• **Task directions**: I'd like the entries reproduced exactly, with the images omitted.

[Material to process — start]

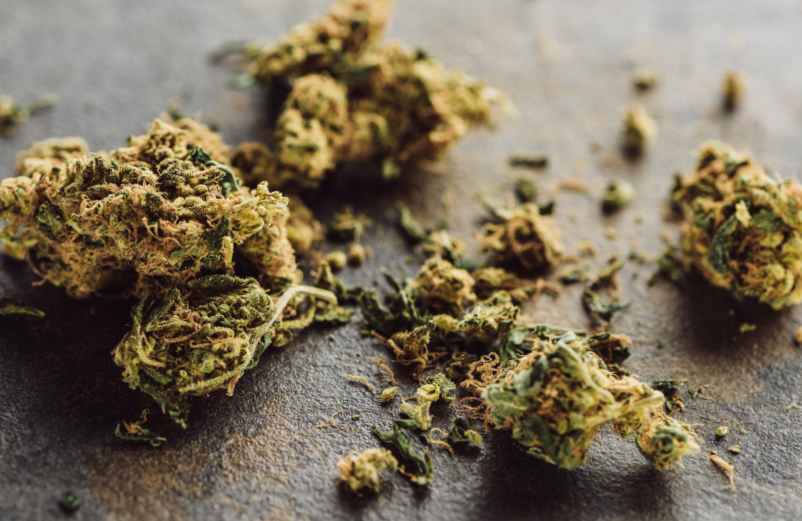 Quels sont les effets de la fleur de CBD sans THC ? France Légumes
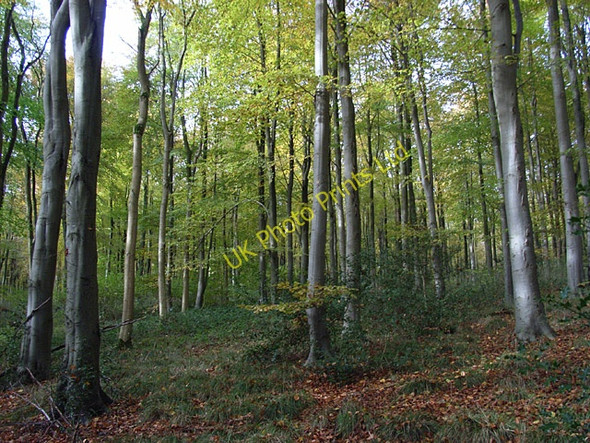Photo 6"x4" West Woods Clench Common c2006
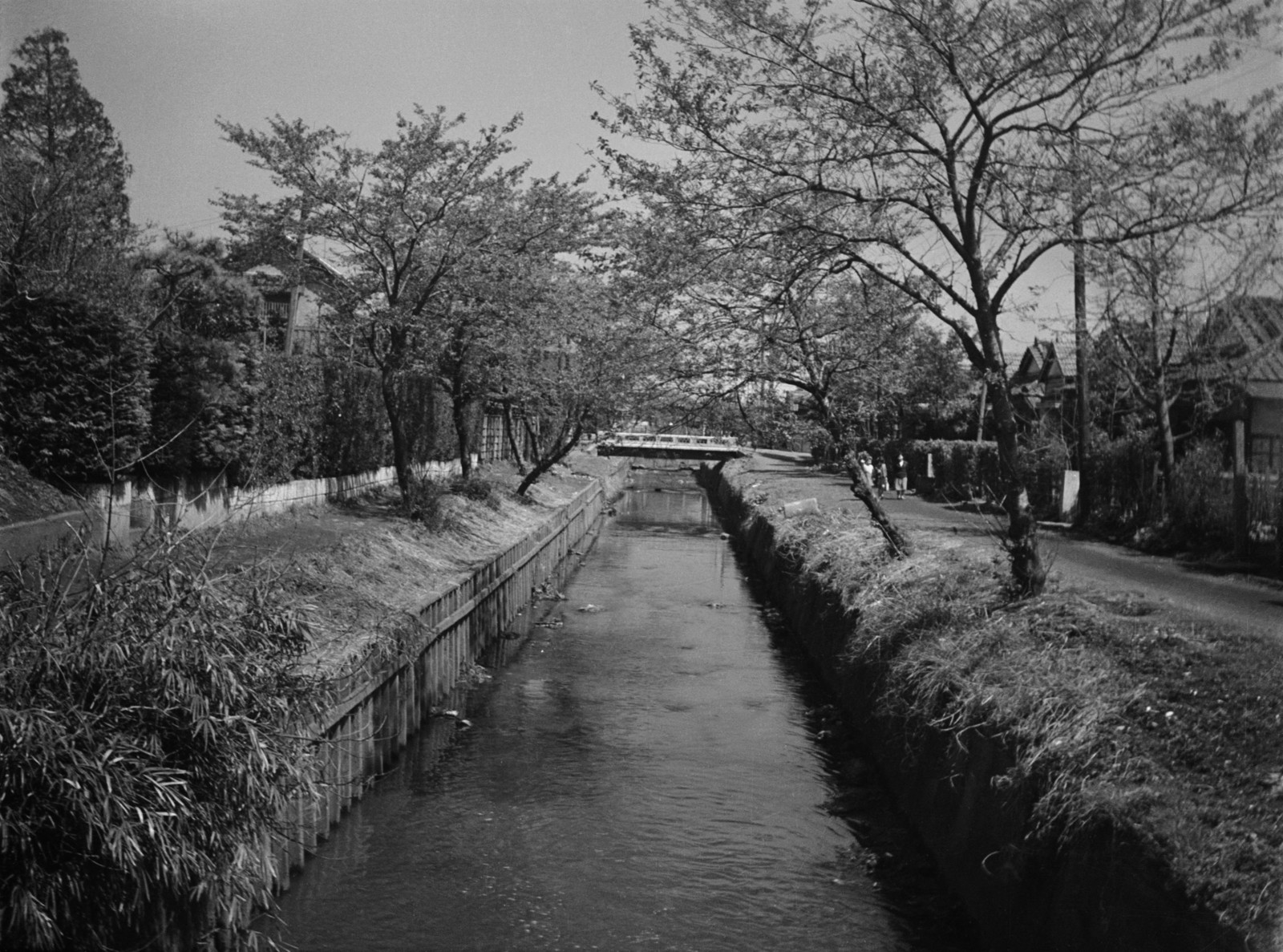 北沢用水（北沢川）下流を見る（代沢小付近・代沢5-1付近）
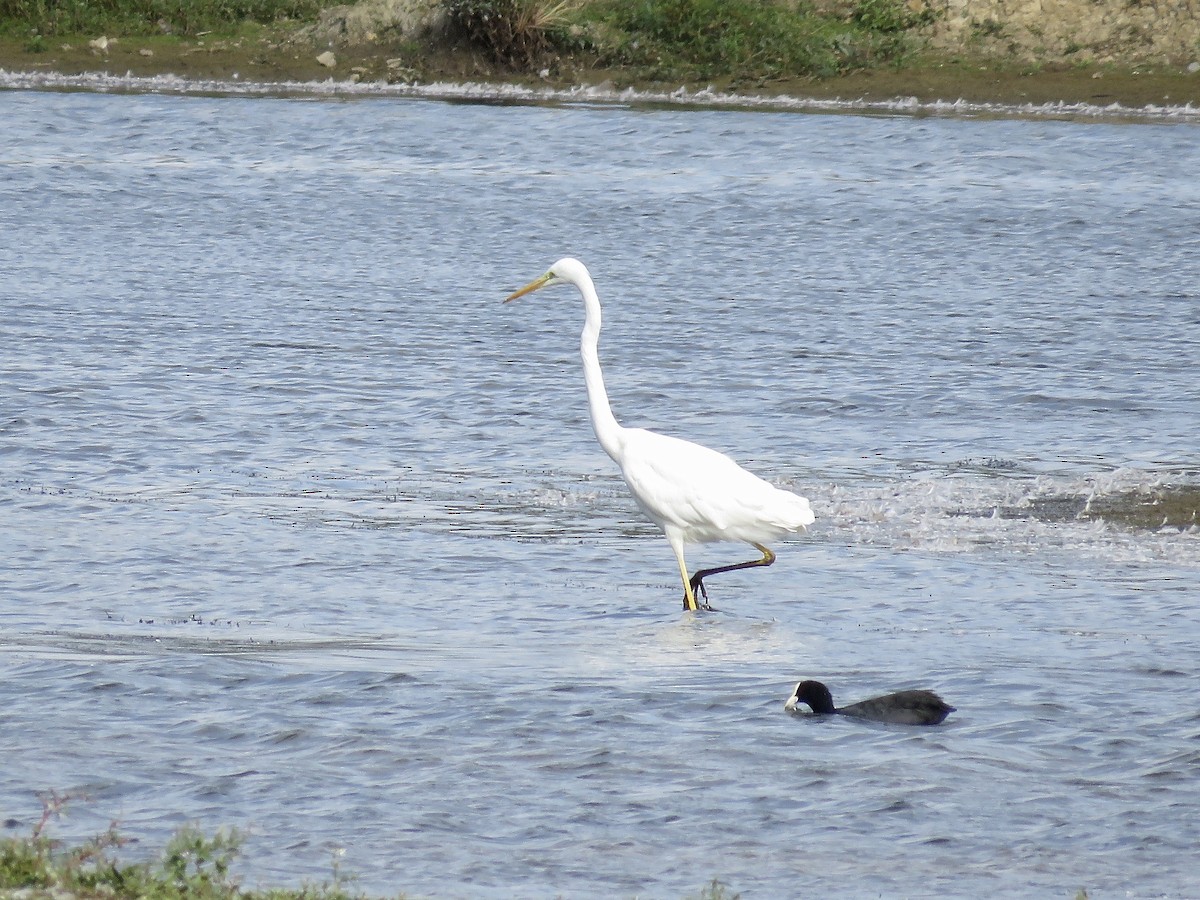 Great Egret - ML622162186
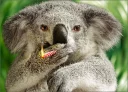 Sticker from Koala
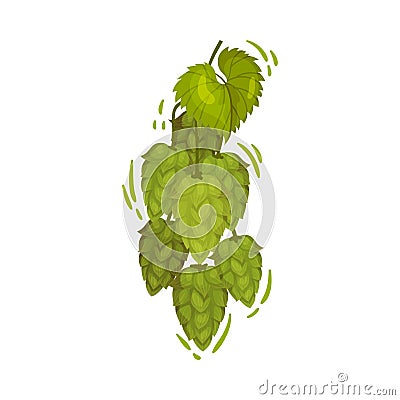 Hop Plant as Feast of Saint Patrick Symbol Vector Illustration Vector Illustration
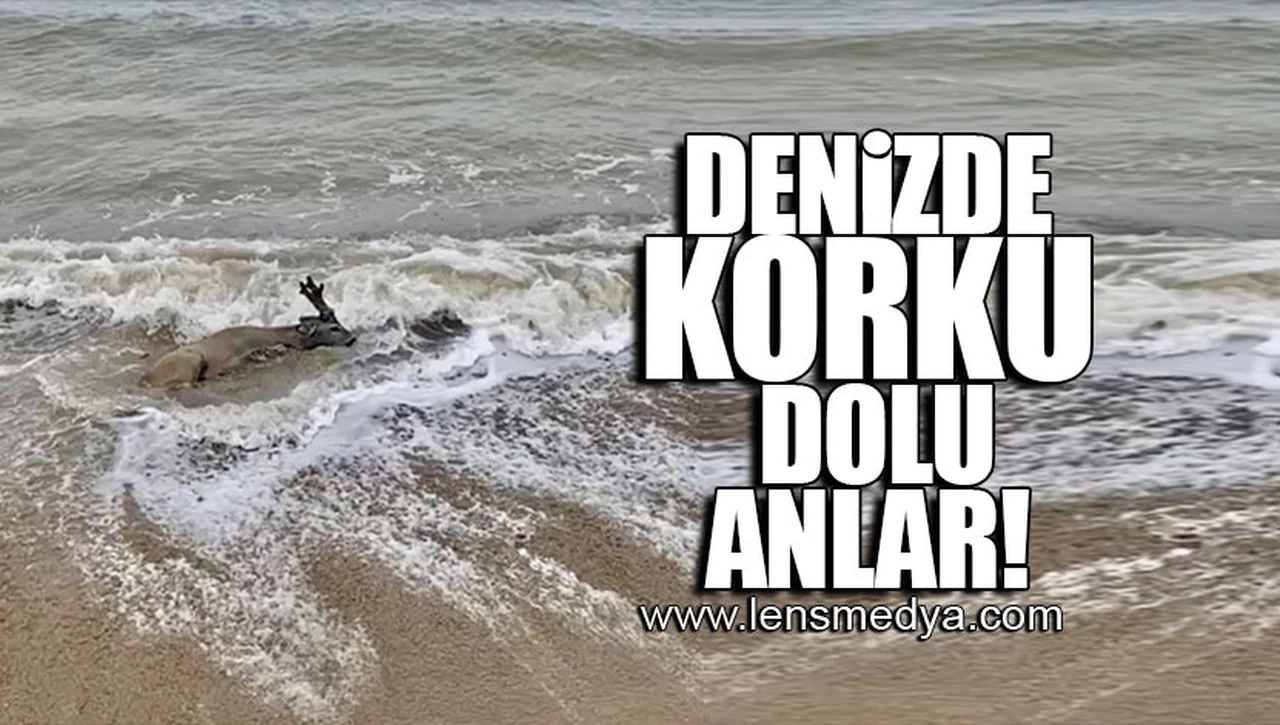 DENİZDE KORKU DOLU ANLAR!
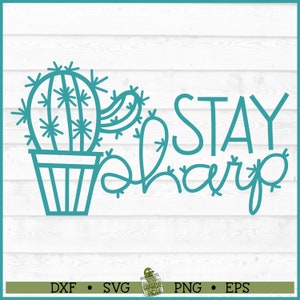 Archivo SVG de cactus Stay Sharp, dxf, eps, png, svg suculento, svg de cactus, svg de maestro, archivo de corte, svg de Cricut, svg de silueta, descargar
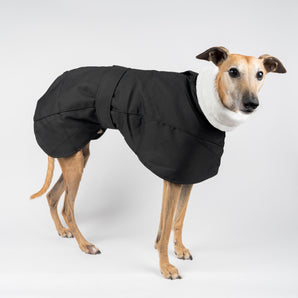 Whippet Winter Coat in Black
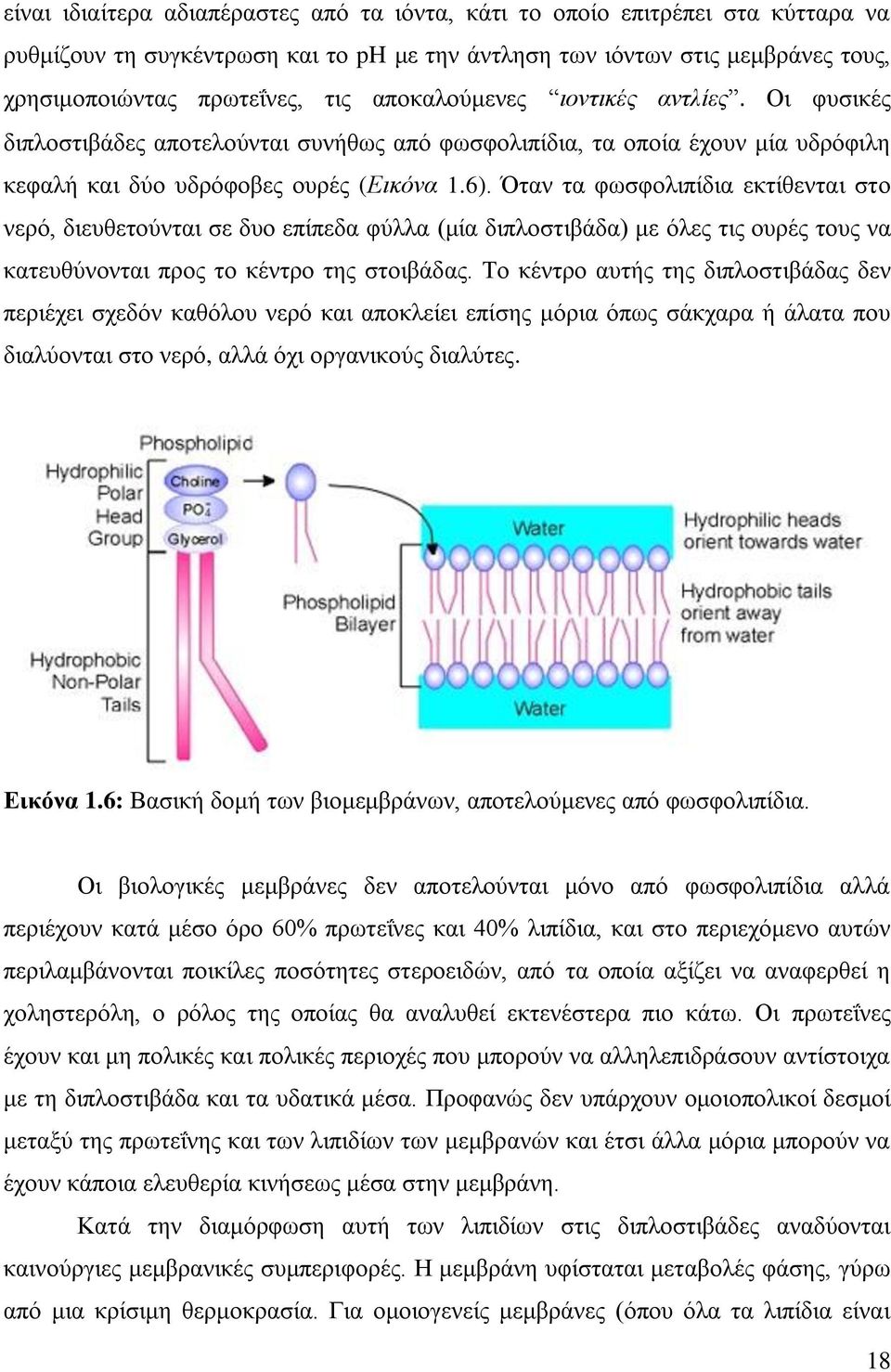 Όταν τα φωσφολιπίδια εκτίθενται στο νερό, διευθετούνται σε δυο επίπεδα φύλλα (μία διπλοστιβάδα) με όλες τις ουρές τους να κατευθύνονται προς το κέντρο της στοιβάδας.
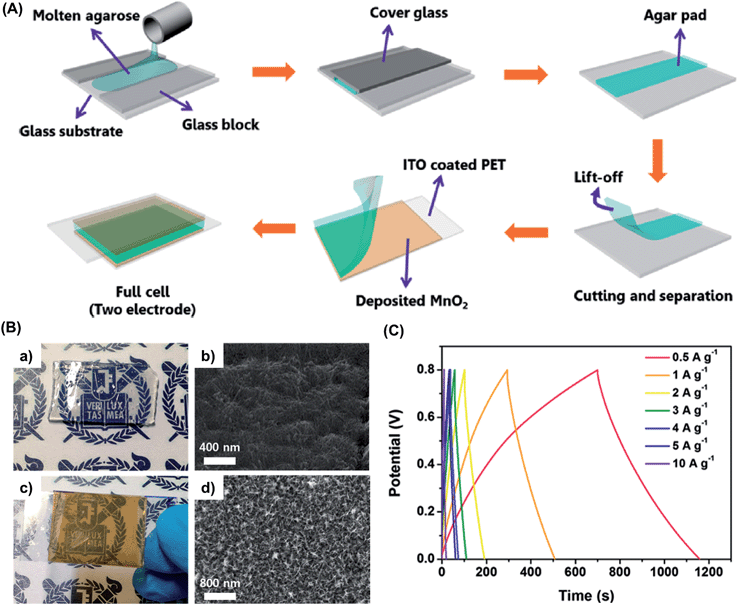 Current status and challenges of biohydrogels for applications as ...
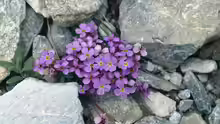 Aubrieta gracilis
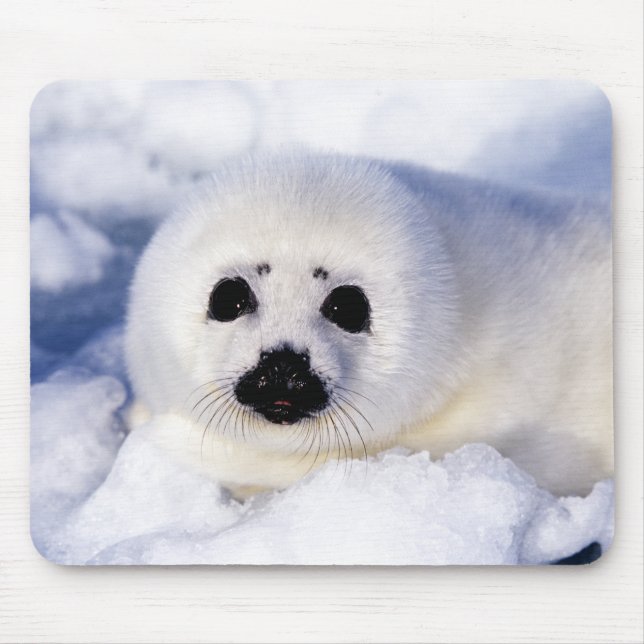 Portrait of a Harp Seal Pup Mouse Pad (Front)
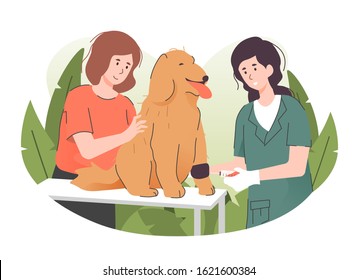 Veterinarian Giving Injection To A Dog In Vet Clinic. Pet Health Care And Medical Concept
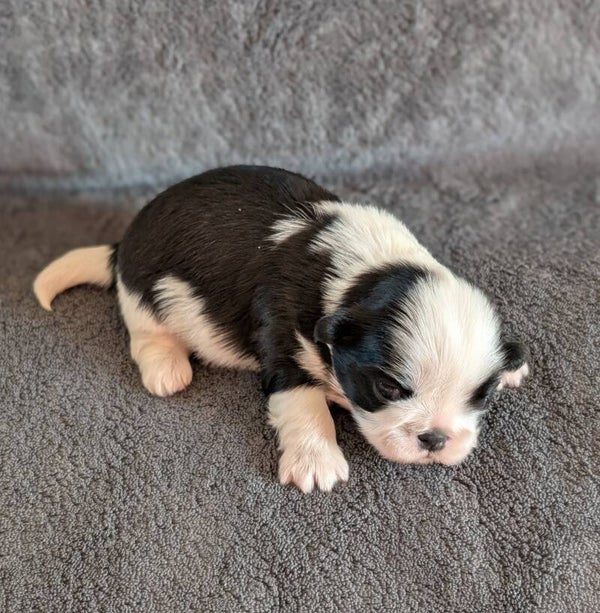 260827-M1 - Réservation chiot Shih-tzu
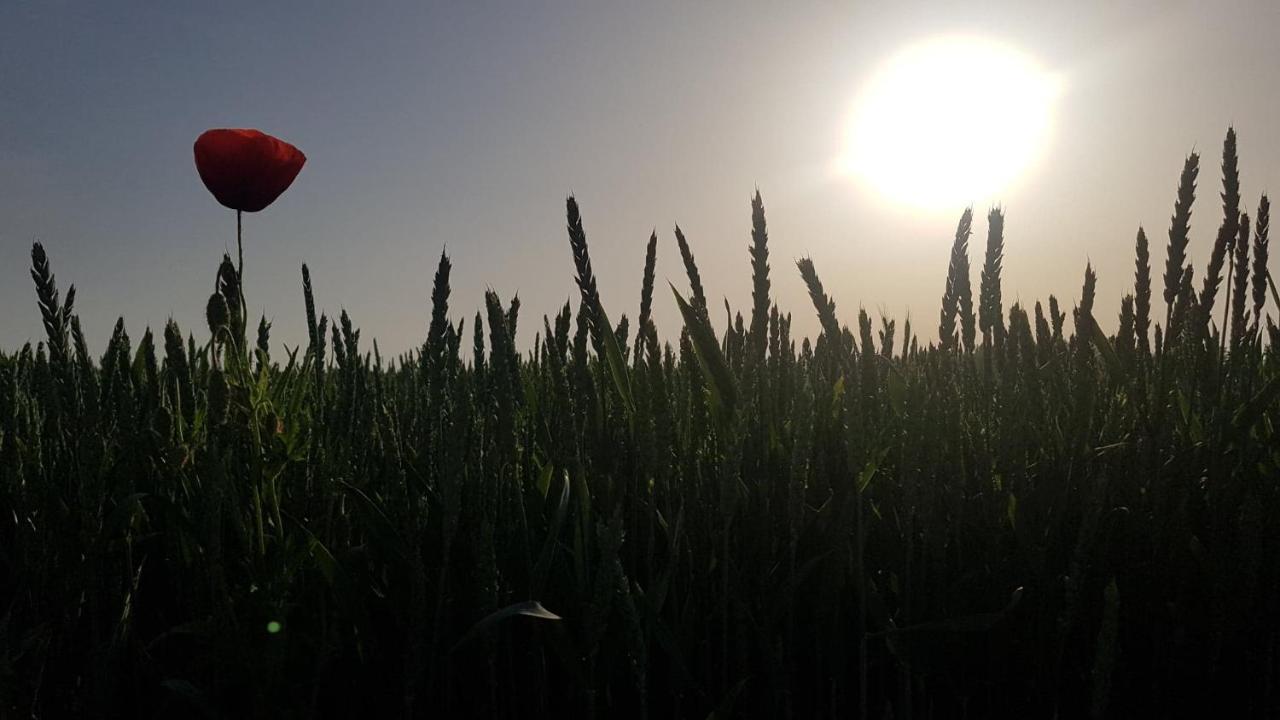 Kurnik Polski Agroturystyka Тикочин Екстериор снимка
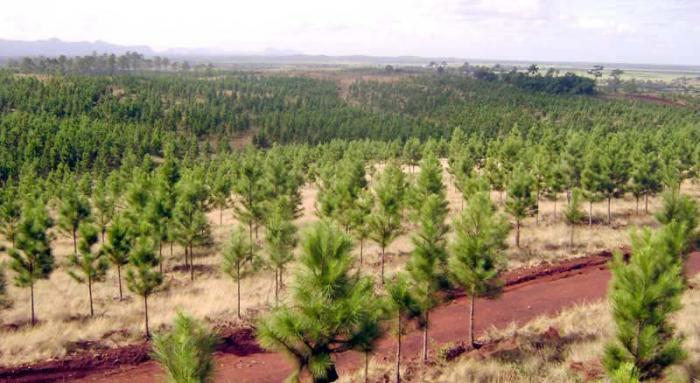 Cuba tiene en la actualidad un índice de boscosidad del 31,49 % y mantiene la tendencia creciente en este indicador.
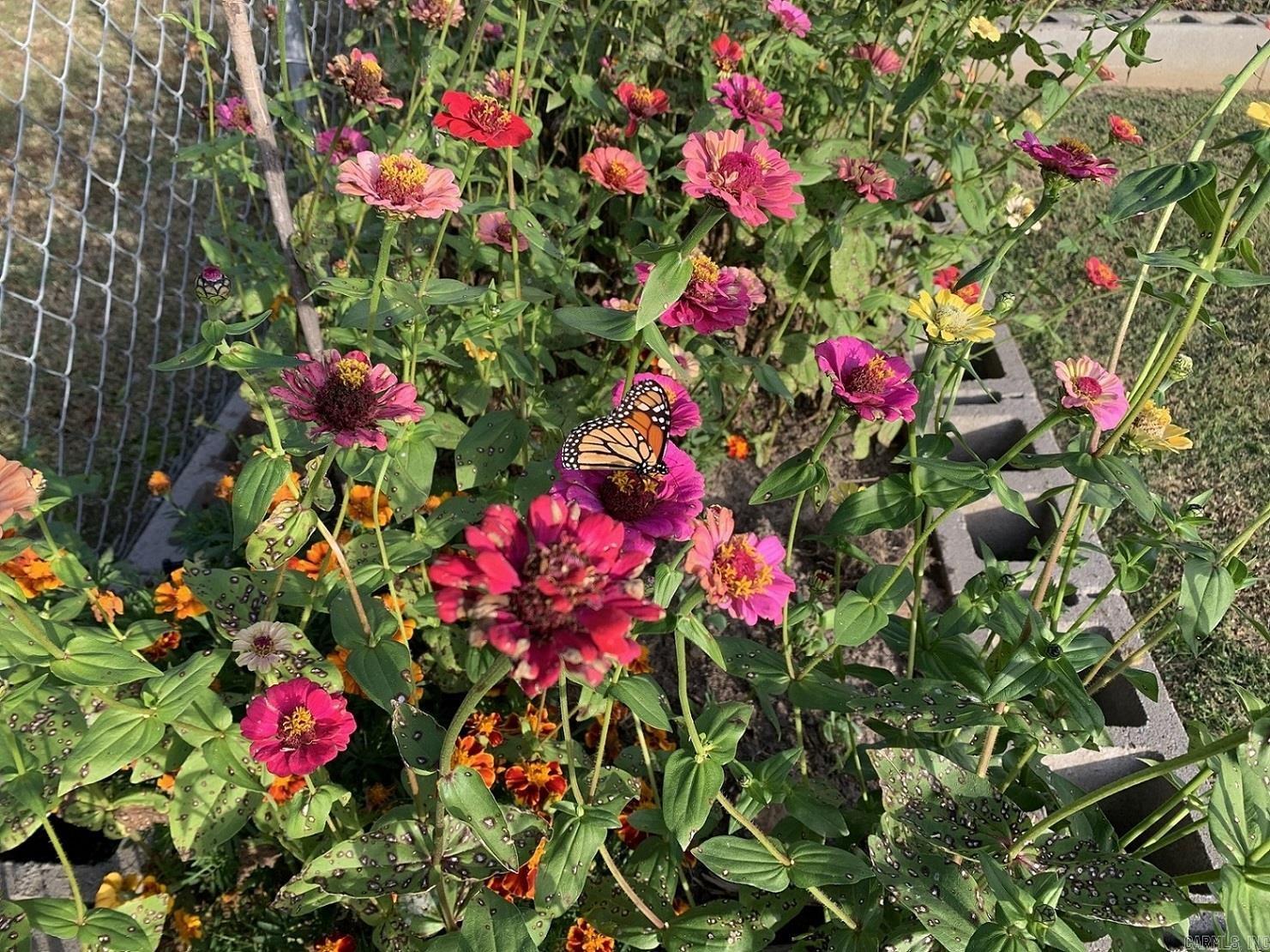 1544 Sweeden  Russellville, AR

[Material to process — finish]

• **Response area**:
 Quels sont les effets de la fleur de CBD sans THC ? France Légumes
Photo 6"x4" West Woods Clench Common c2006
 北沢用水（北沢川）下流を見る（代沢小付近・代沢5-1付近）
 Great Egret - ML622162186
 Sticker from Koala
 Hop Plant as Feast of Saint Patrick Symbol Vector Illustration Vector Illustration
 DENİZDE KORKU DOLU ANLAR!
 Archivo SVG de cactus Stay Sharp, dxf, eps, png, svg suculento, svg de cactus, svg de maestro, archivo de corte, svg de Cricut, svg de silueta, descargar
 Whippet Winter Coat in Black
 Όταν τα φωσφολιπίδια εκτίθενται στο νερό, διευθετούνται σε δυο επίπεδα φύλλα (μία διπλοστιβάδα) με όλες τις ουρές τους να κατευθύνονται προς το κέντρο της στοιβάδας.
 Current status and challenges of biohydrogels for applications as ...
 Aubrieta gracilis
 Portrait of a Harp Seal Pup Mouse Pad (Front)
 Veterinarian Giving Injection To A Dog In Vet Clinic. Pet Health Care And Medical Concept
 260827-M1 - Réservation chiot Shih-tzu
 Kurnik Polski Agroturystyka Тикочин Екстериор снимка
 Cuba tiene en la actualidad un índice de boscosidad del 31,49 % y mantiene la tendencia creciente en este indicador.
 1544 Sweeden  Russellville, AR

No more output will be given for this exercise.